Jupiter has apparently been smacked again by a rogue object hurtling through space, new images from amateur astronomers and NASA reveal.
A giant scar-like blemish has appeared in the clouds near Jupiter's south polar region, which NASA observed in infrared after receiving a tip from an amateur skywatcher in Australia. The likely impact appears to have occurred exactly 15 years after the remnants of Comet Shoemaker-Levy 9 bombarded the planet in 1994 in an event that was widely predicted and scrutinized as it happened.
The latest impact was not predicted, and it was caught by chance.
"We were extremely lucky to be seeing Jupiter at exactly the right time, the right hour, the right side of Jupiter to witness the event," said Glenn Orton, a scientist at NASA's Jet Propulsion Laboratory in Pasadena, Calif., in a statement. "We couldn't have planned it better."
Orton and his colleagues used JPL's Infrared Telescope Facility atop Mauna Kea in Hawaii to collect evidence of the impact.

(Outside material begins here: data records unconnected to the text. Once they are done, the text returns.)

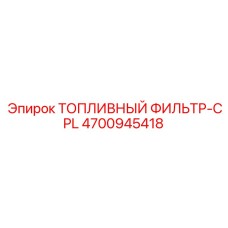 Комплектный топливный фильтр Epiroc артикул 4700945418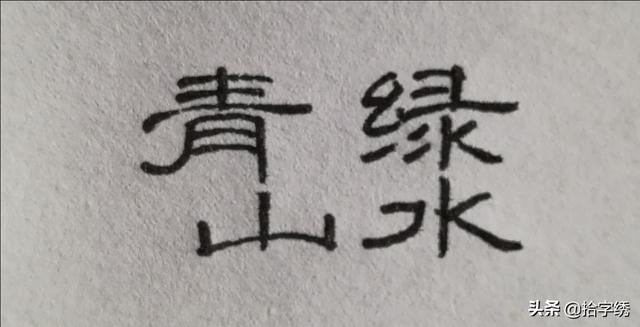 艺术字创意-4.jpg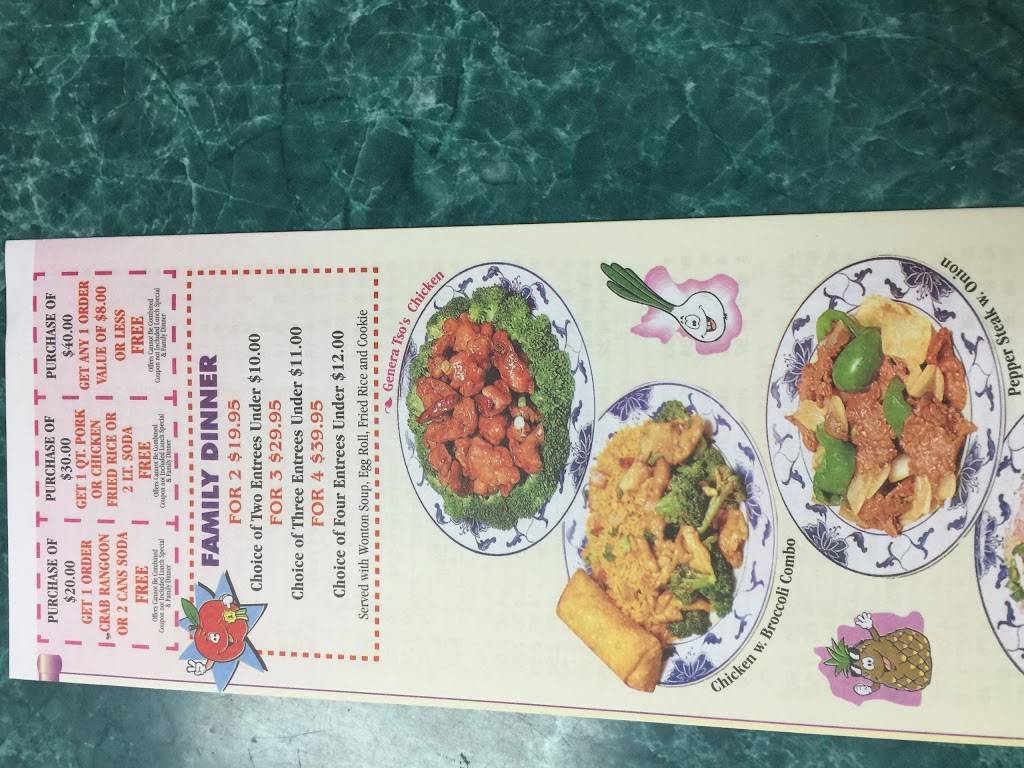 King Fong Chinese Restaurant | restaurant | 14055 Lorain Ave, Cleveland, OH 44111, USA | 2162517678 OR +1 216-251-7678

The initial call came from Anthony Wesley of Murrumbateman, Australia, who told NASA he noticed a new dark "scar" suddenly appear on Jupiter early Friday between 6 a.m. and 12 p.m. EDT (1000 and 1600 GMT).
A hit on Jupiter
In an observation report posted to his Web site, Wesley said he almost missed spotting Jupiter's new blemish entirely because he was tired after a late-night skywatching session.
"It was a very near thing," he wrote, adding that by 1 a.m. Local Time, he decided at the last minute to keep observing for another half hour.

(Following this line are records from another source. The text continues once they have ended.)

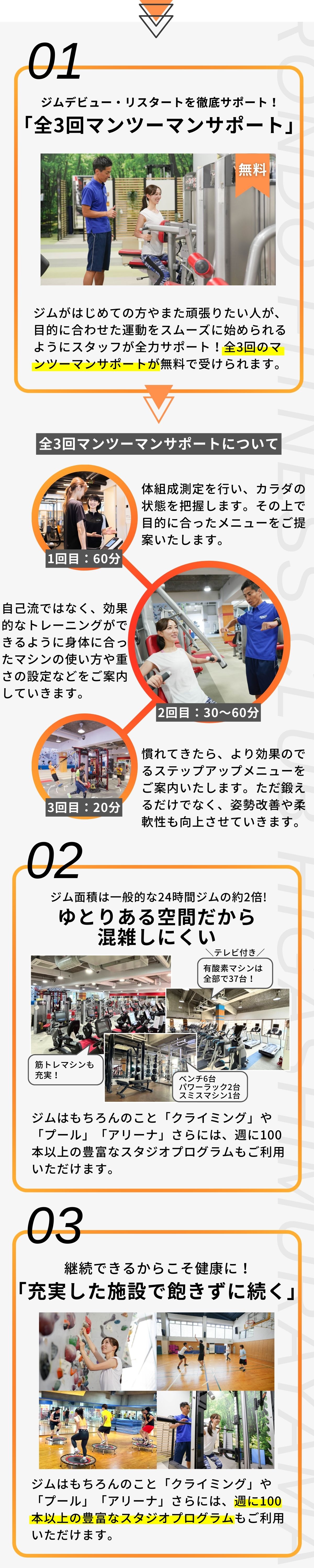はじめての方でも目的に合わせた運動がスムーズに始められるようにスタッフが全力サポート!全3回のマンツーマンサポートも無料で受けられます。ジムはもちろんのこと「プール」「サウナ」も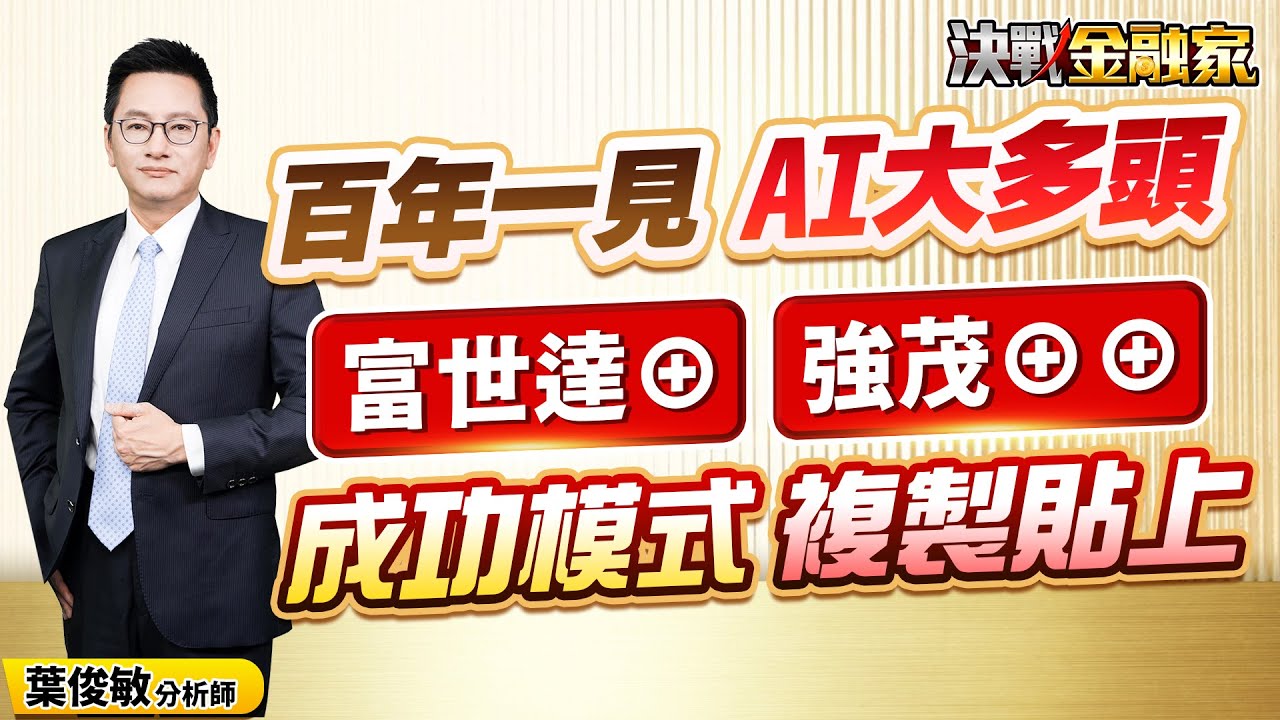 【百年一見 AI大多頭富世達&oplus; 強茂&oplus;&oplus;  成功模式  複製貼上】決戰金融家 葉俊敏分析師 2025.10.21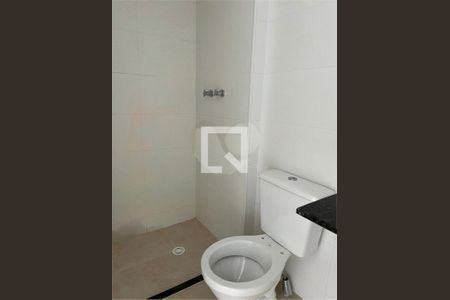 Apartamento à venda com 2 quartos, 55m² em Vila Andrade, São Paulo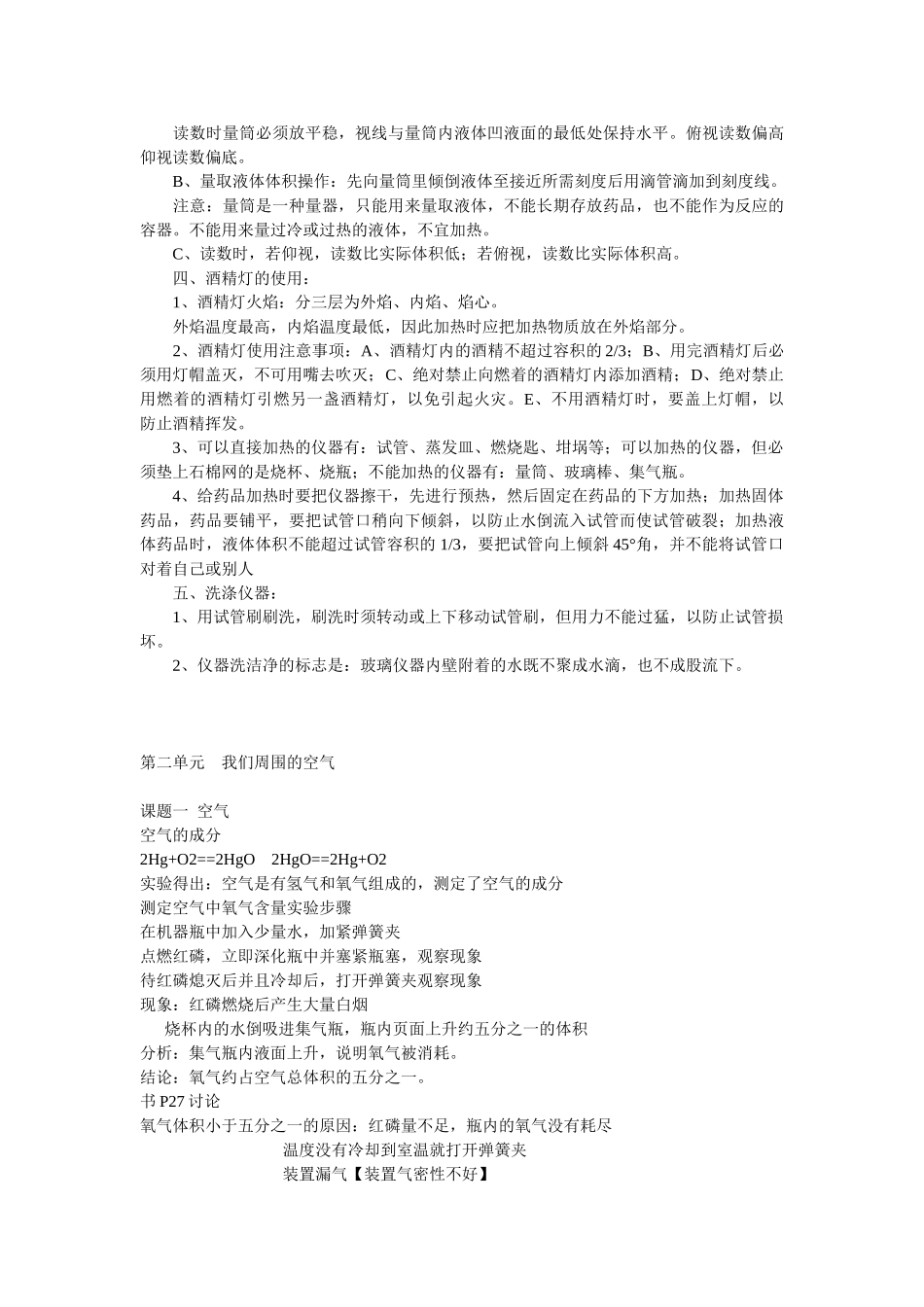 中考状元化学笔记_第3页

"I'd noticed a dark spot rotating into view in Jupiter's south polar region and was starting to get curious," Wesley went on. "When first seen close to the limb (and in poor conditions) it was only a vaguely dark spot, I thought likely to be just a normal dark polar storm. However as it rotated further into view, and the conditions also improved, I suddenly realized that it wasn't just dark, it was black in all channels, meaning it was truly a black spot."
Video: Collision blasts Jupiter The spot, Wesley added, was moving too slow to be a moon and his previous observations from two days earlier showed a pristine, spotless Jupiter. A short while later, he decided to begin contacting people to spread the news of his find.

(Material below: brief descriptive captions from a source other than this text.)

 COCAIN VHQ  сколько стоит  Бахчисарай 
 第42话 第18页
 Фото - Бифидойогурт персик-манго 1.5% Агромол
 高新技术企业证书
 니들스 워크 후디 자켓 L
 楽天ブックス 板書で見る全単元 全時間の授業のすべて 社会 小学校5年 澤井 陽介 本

Orton and his team haven't stopped tracking Jupiter, which is a gas giant and the largest planet in the solar system.
The near-infrared image collected by his team revealed the odd blemish, which appeared to have a bright center, and what looked like debris to the northwest of the likely impact site.
"It could be the impact of a comet, but we don't know for sure yet," Orton said. "It's been a whirlwind of a day, and this on the anniversary of the Shoemaker-Levy 9 and Apollo anniversaries is amazing."
Other skywatchers have also been tracking the apparent Jovian impact. Lars Zielke, a skywatcher based in Tvis, Denmark, spotted the tell-tale scar to much excitement.
"My camera showed the spot clearly and I was lucky to get at great sequence with the dark spot and Io passing by," he told SPACE.com. "I was so thrilled that I didn't stop in time, so I missed the first hours of work this morning."
Echoes of Shoemaker-Levy 9
Between July 16 and July 22 in 1994, Comet Shoemaker-Levy 9 was torn apart by Jupiter's gravity as it swung past the planet. The remaining pieces crashed into the planet while astronomers looked on with telescopes on Earth and in space.
It was the first collision of two objects within the solar system in ever observed from Earth.
The impacts were cataclysmic. More than 20 fragments - some as large as 1.2 miles (2 km) across - slammed into Jupiter at 134,200 mph (215,973 kph) as the planet rotated, sending plumes of hot gas into the Jovian atmosphere and causing dark scars that lasted for weeks.
A similar impact on Earth would cause widespread devastation on a global scale.